Given records

======

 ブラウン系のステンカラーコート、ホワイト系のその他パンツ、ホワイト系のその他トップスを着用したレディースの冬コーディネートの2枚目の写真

======

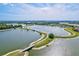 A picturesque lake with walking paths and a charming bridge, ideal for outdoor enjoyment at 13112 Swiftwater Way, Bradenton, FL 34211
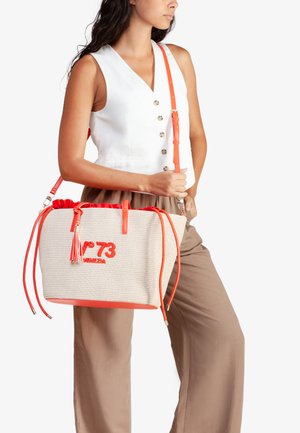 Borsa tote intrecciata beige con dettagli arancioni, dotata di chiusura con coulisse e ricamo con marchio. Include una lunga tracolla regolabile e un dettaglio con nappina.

======

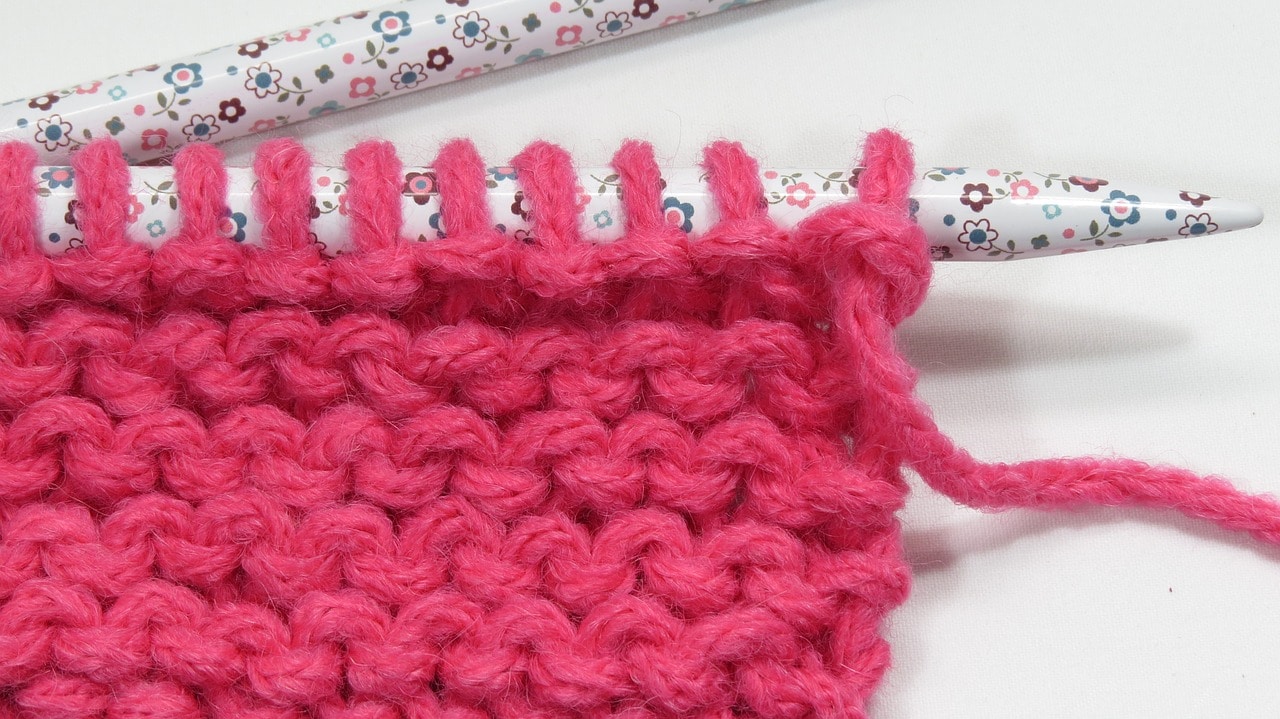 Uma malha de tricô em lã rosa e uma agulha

======

While skipping the pictures, transcribe the data above from the line showing "A picturesque lake" through the line showing "Borsa tote intrecciata", exactly and with both ends.

Solution below
 A picturesque lake with walking paths and a charming bridge, ideal for outdoor enjoyment at 13112 Swiftwater Way, Bradenton, FL 34211
 Borsa tote intrecciata beige con dettagli arancioni, dotata di chiusura con coulisse e ricamo con marchio. Include una lunga tracolla regolabile e un dettaglio con nappina.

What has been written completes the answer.